Doctors Without Borders (MSF) notes with deep concern the growing social unrest in two South African provinces, including widespread looting and disruption of crucial health care services, and the consequences for public health and safety. To date, more than 60 people are reported to have died and many more have suffered injuries, including lacerations and burns, as a result of these events.

The unrest is also impeding the provision of medical care, preventing patients, medical personnel and critical supplies from reaching the facilities. A drastic escalation of the current health crisis driven by COVID-19 is inevitable unless immediate steps are taken to safeguard the right to health care and the safety of patients, health workers, medical infrastructure and supplies. .

There have been outages in all KwaZulu-Natal districts, including staff unable to work due to public transportation shutdown and road closures in many areas, while certain hospitals and their emergency departments already hit by an increase in COVID19 cases are overwhelmed by staff shortages and an influx of people in need of wound treatment, forcing doctors to choose who gets life-saving treatment and who doesn’t. COVID-19 vaccination sites have been closed.

MSF’s medical services and support operations in KwaZulu-Natal and Gauteng have also been disrupted.

– In Empangeni, an MSF team supporting the regional COVID-19 response from Ngwelezane Hospital was forced to stay away as a result of looting and unrest in the area.
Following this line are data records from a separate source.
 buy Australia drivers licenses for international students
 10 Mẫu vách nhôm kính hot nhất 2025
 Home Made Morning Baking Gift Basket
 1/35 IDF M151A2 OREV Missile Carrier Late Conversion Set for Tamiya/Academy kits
Several departments of health physicians working in the COVID-19 ward were down, hampering the overall COVID-19 response.

– The Richard’s Bay-based MSF COVID-19 response team was confined to their accommodation due to insecurity.
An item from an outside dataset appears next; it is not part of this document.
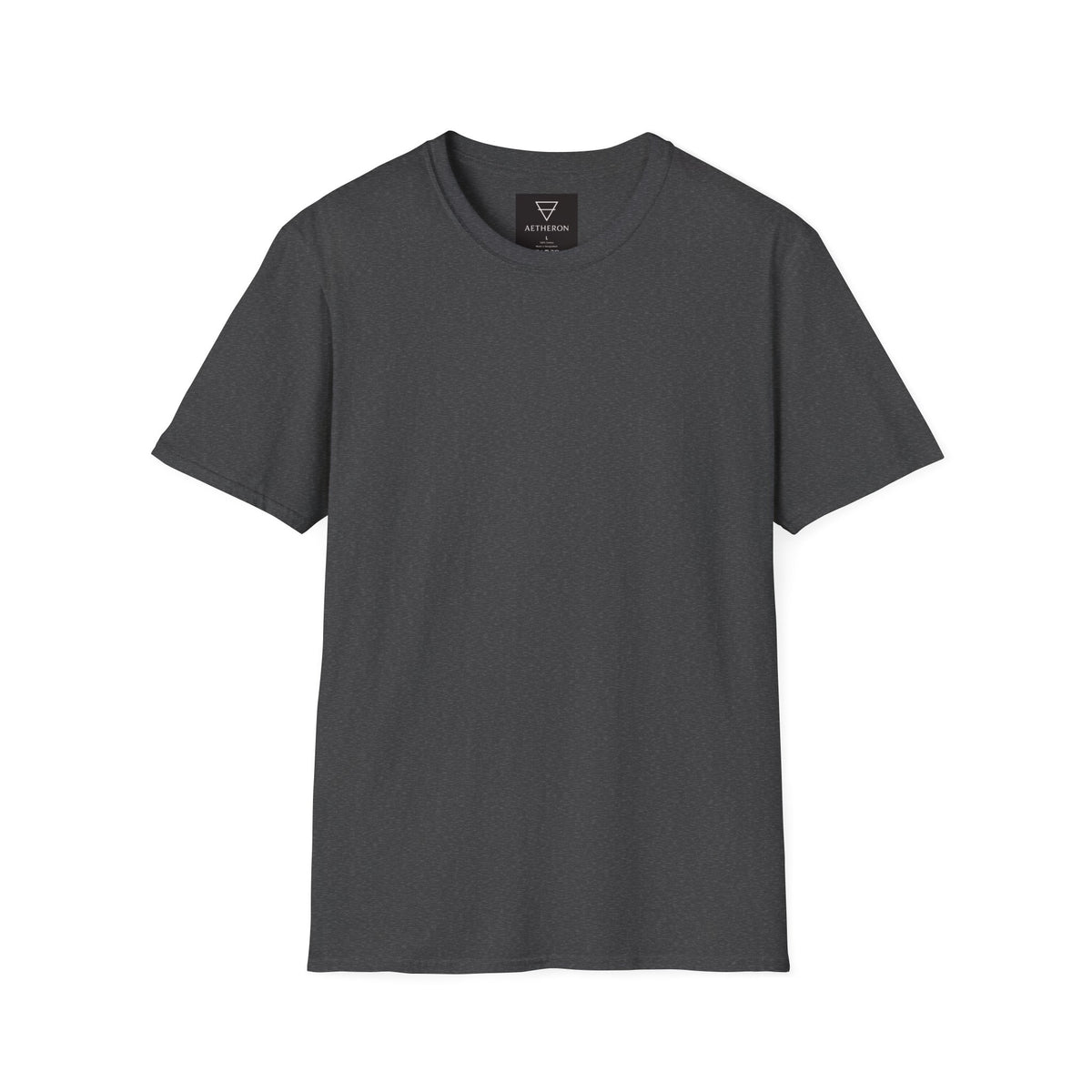 Aetheron Sculptural Emblem Tee – Classical Art Graphic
– In Eshowe, where we have been running HIV / TB programs since 2011, the MSF team was forced to suspend all medical and community activities. Clinic-based HIV / TB services are currently inaccessible for many, and people with comorbidities that put them at high risk for severe COVID19, such as diabetes and hypertension, cannot access their medications. Our team had to hide vehicles in different parts of the city to protect these medical transports from looting that occurred on the same street as the MSF office. One of our doctors, caught in the mob of looters, was tear gassed.

– In Tshwane, the threat of unrest led us to temporarily close the MSF-supported clinic and downtown center that cares for vulnerable people, including undocumented immigrants, asylum seekers and refugees living in the Tshwane metropolitan area. These are people who, in most cases, cannot access adequate medical care and / or social services, and even more so during violence and riots.

– Until now, work has continued normally in Gqeberha in the Eastern Cape, where another MSF medical team supports the COVID-19 ward at Livingstone Tertiary Hospital, but the threat of protest action could prevent this team from accessing the hospital, which makes the COVID-19 room non-functional and directly affects patient care.

Providing humanitarian medical assistance in more than 70 countries, MSF recognizes the challenges medical personnel face when working in unsafe environments and when violence causes the interruption, suspension or closure of healthcare services, as well as the negative consequences for populations. in dire need.

The status of health services as essential services must be visibly prioritized in South Africa. The facilities must be respected as safe spaces by all: those involved in protests and looting, as well as the police and the army. MSF calls on all these actors to take immediate steps to ensure that access to medical care and medicines is not threatened or interrupted.

MSF requests the support of community leaders, political leaders, the South African government security group and the South African presidency. Community and political leaders must call for calm and unite for the protection of health care. Security forces must protect vital healthcare infrastructure and services, while the president’s condemnation of targeting healthcare must be upheld.

Failure to respect and protect health services and health workers will have disastrous consequences, especially for the most vulnerable in society during the ongoing health crisis: COVID-19 patients, trauma patients, chronically ill, elderly, mothers pregnant women and babies and migrants and asylum seekers.